De plus, l’institut d’Anne-Sophie Lejeune participe à la MUN (Modélisation des Nations unies) dont le but est de former ses acteurs aux négociations au sein des instances de l’ONU. Laetitia Parion a eu la chance d’en faire partie quand elle était en rhéto : « Je suis allée à Londres où j’ai rencontré des jeunes venus du monde entier. Tout est très codifié et demande beaucoup de travail. Mais, j’y ai appris énormément de choses. De plus, cette année-ci, j’ai pu participer au JPJ (Jeugd Parlement Jeunesse) au Parlement fédéral avec cent vingt autres jeunes venus de toutes les régions de notre pays. Nous étions pendant une semaine de “vrais parlementaires” et discutions et négociions avec de “vrais ministres” pour arriver à voter de “vraies propositions” de loi. J’y suis allée sans a priori, pour voir et apprendre. C’est une bonne occasion de former mon esprit critique et mon appartenance citoyenne. »
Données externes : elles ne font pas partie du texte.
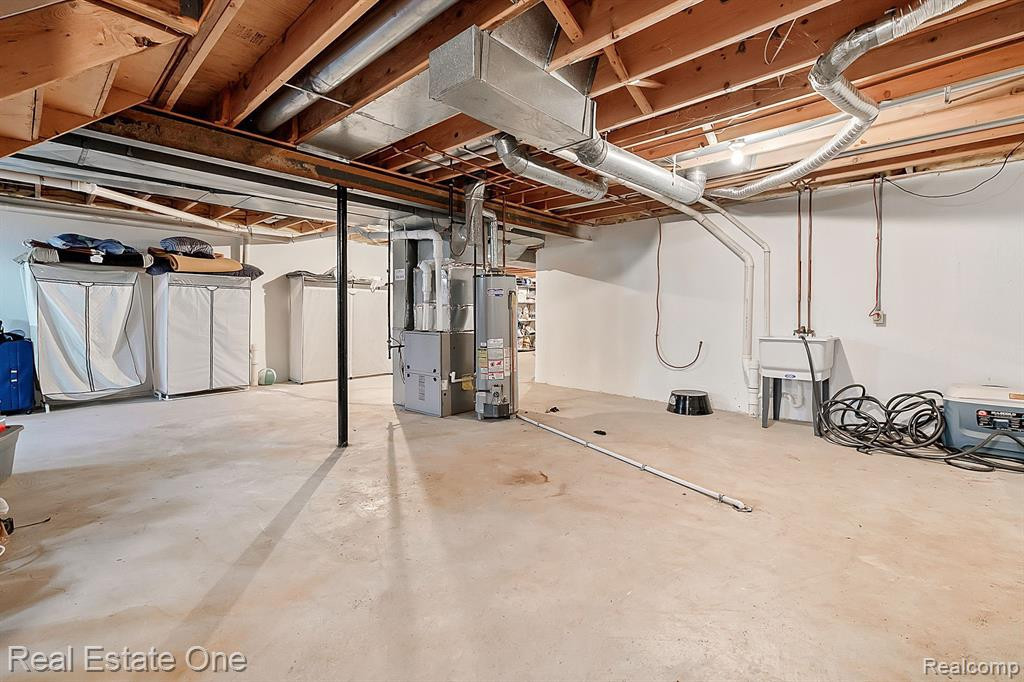 25553 Keenan, Novi, MI — Photo 30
Fédération Infor-Jeunes, rue armée Grouchy 20, 5000 Namur. 081.98.08.16 – federation@fcwb.be
CNAPD, rue de l’éclipse,6, 1000 Bruxelles. 02.640.52.62 – info@cnap.be
ÉDUQUER À LA DÉMOCRATIE ET À L’ÉGALITÉ
Sociologue spécialiste des multiples enjeux de l’éducation, Bernard Delvaux participe notamment au projet Débagora Quand les jeunes se mêlent de la politique. Il a été développé à Bruxelles sur le thème des inégalités en 2022-2023 et sur celui de la place des jeunes dans la ville en 2023-2024, sous la conduite de deux centres de recherche (UCLouvain et ULB) et de trois organisations d’éducation à la citoyenneté (Jeune Et Citoyen, Infor Jeunes Bruxelles et Musée BELvue). Pareille démarche, qui concerne les années de la fin du secondaire, implique un travail en classe durant plusieurs mois et des journées interclasses. Son but est de présenter les analyses, positions et propositions à d’autres classes et à des acteurs politiques en vue d’en débattre.
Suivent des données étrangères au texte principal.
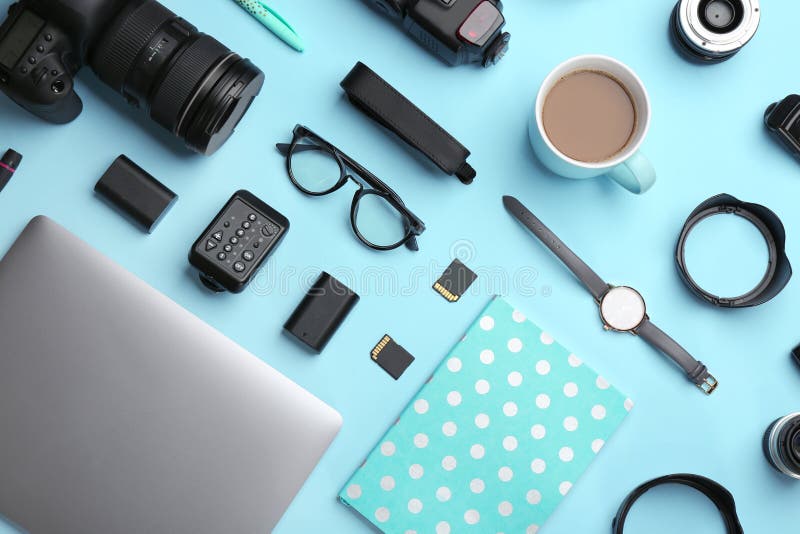 Composizione piana in disposizione con le attrezzature e gli accessori del ` s del fotografo fotografia stock libera da diritti Composizione piana in disposizione con le attrezzature e gli accessori del ` s del fotografo fotografia stock libera da diritti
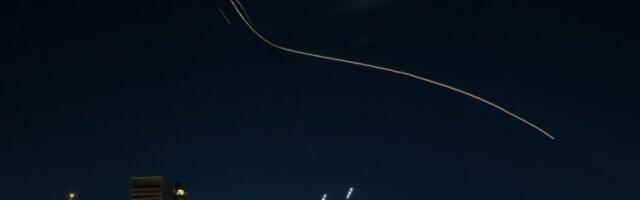 ODJEKUJU EKSPLOZIJE U BLIZINI IRAČKOG AERODROMA ERBIL! Nebo gori iznad aerodroma, rakete i dronovi sevaju ka američkom konzulatu! (VIDEO)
Ce projet qualifié d’« ambitieux » par Bernard Delvaux doit composer avec les contraintes scolaires, les compétences des enseignants et les habitudes des élèves. « Former les jeunes aux élections est insuffisant, estime-t-il, puisque c’est se centrer sur un seul moment de la vie de la démocratie en informant sur les droits et les devoirs des électeurs, ainsi que sur les institutions, tout en comparant les programmes des partis. Mais, au-delà, éduquer au politique, c’est aussi apprendre certaines compétences utiles pour peser sur les politiques publiques, en sachant rédiger, défendre oralement son point de vue, chercher des alliances, etc. Une telle démarche évite cependant de remettre en question le système tel qu’il existe et part de l’hypothèse non dite qu’il faut d’abord apprendre avant de pouvoir prendre part. »
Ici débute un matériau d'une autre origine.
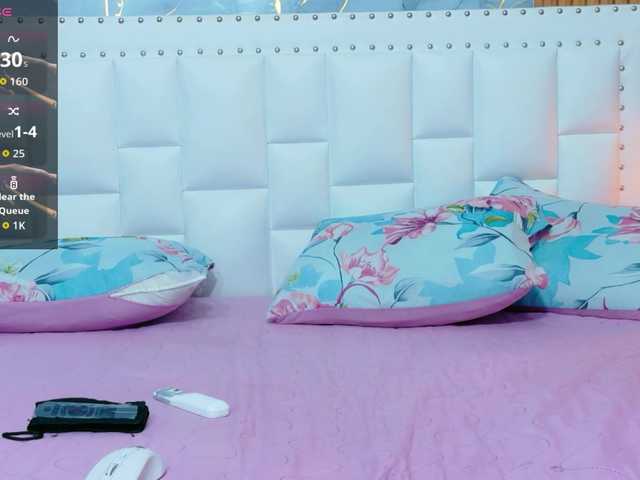 horny18girl's BongaCams show and profile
« Il importe, insiste-t-il, de remettre en question cette idée qu’il n’est possible de participer vraiment au politique que lorsqu’on maîtrise certaines compétences. Il faudrait plutôt, dès le plus jeune âge, apprendre à vivre l’égalité des pouvoirs et à pratiquer la démocratie participative dans le microcosme de la classe (qu’il conviendrait de nommer “collectif d’apprentissage”), puis, progressivement, dans des contextes plus larges. ». Et d’ajouter : « Il faudrait apprendre durant la scolarité à expérimenter et questionner les rapports de pouvoir ainsi que les processus de construction d’un commun à partir des individualités singulières, des intérêts divergents, des compétences différentes… » Parmi des démarches développées dans ce sens, en plus du projet Débora, Bernard Delvaux cite celles du réseau des écoles citoyennes (ecolecitoyenne.org) et de Jeune Et Citoyen, ex-Jeunesse étudiante chrétienne (jecasbl.be) (J.Bd.)